The huge Civic-shaped dent was easily banged out with a sledgehammer.
The trunk was big enough to store B-17 bombers during peace-time.
The engine bay doubled as a bedroom, even with the 351W in there.
The 351 Windsor in that sucker could tear the brass coloring off of a sheet of copper.

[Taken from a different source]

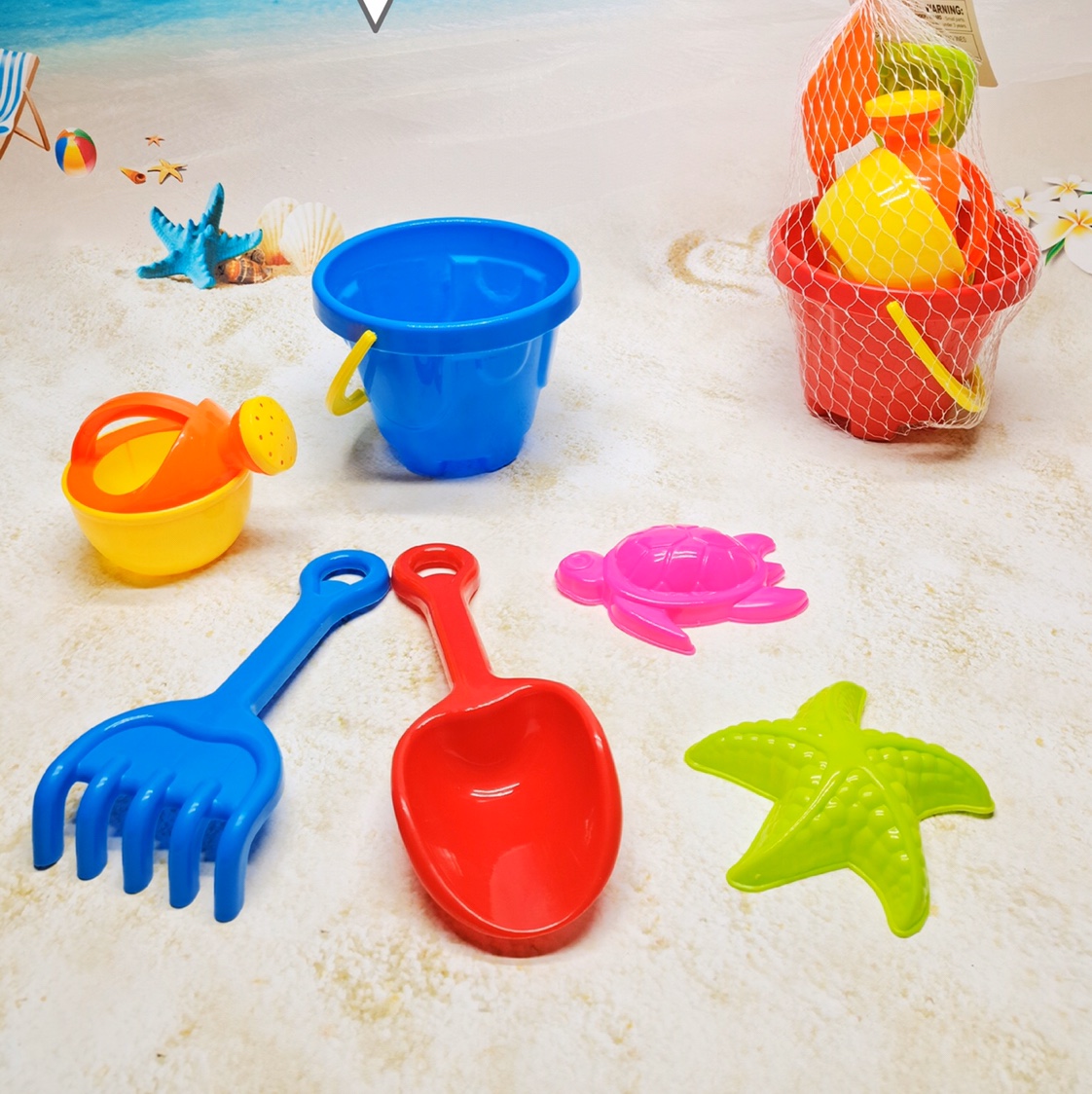 Children's beach toy car set Sand shovel bucket Baby play sand hourglass cassia tool Girl Boy 688-36 thumbnail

Would you buy another car from this manufacturer? Yes
Review Date: 22nd May, 2009
26th May 2009, 11:11
I think the rodents were living in the B-17 bombers that were stored in the trunk... Hey, wait a minute this was supposed to be a Gran Torino Station Wagon... how on earth did it have a trunk?
26th May 2009, 17:24
"so we're sitting in this giant contraption that would make the Ford Excursion crap itself" - Oh my gosh, this is the best written review I've read on here as yet, and I've read most of them.
30th Jun 2009, 09:34
Damn, I need one! Have been looking around for a while now. Anyone have one they want to sell? Any idea about the mpg? How much would a steering pump replacement be?
28th Jan 2011, 14:42
Fine, entertaining review. In a similar vein, check out the movie The Big Lebowsky, where The Dude drives an old Torino, and to hilarious effect.
15th Jun 2014, 04:21
Where did the four-barrel come from? In 1973, 351 Windsors as-built-by Ford came with two-barrel carburetors only.
27th Nov 2015, 22:10
So you're questioning the number of carburetor barrels, but have no problems with a trunk on a station wagon, or sleeping in the engine compartment.
30th Nov 2015, 11:11
Sounds like the family truckster driven by Chevy Chase.
30th Nov 2015, 22:44
That was an LTD wagon, not a Gran Torino wagon.
1st Dec 2015, 16:31
I realize that, but this vehicle is in the ballpark.
1st Dec 2015, 21:56
Clark Griswald may not have driven a Torino wagon, but Greg Brady did drive one to high school in the first "Brady Bunch" movie... he uses hand signals to turn in to a parking space.
4th Dec 2015, 04:37
Ford station wagons that were seen in movies? OK let's do it, why not.
Remember in Goodfellas at the end, after Henry Hill became a snitch? A '78 Fairmont Country Squire wagon was seen in his driveway. Pretty pathetic after the beautiful '68 Grand Prix and '79 Coupe DeVille Phaeton he drove earlier in the movie, wouldn't you say?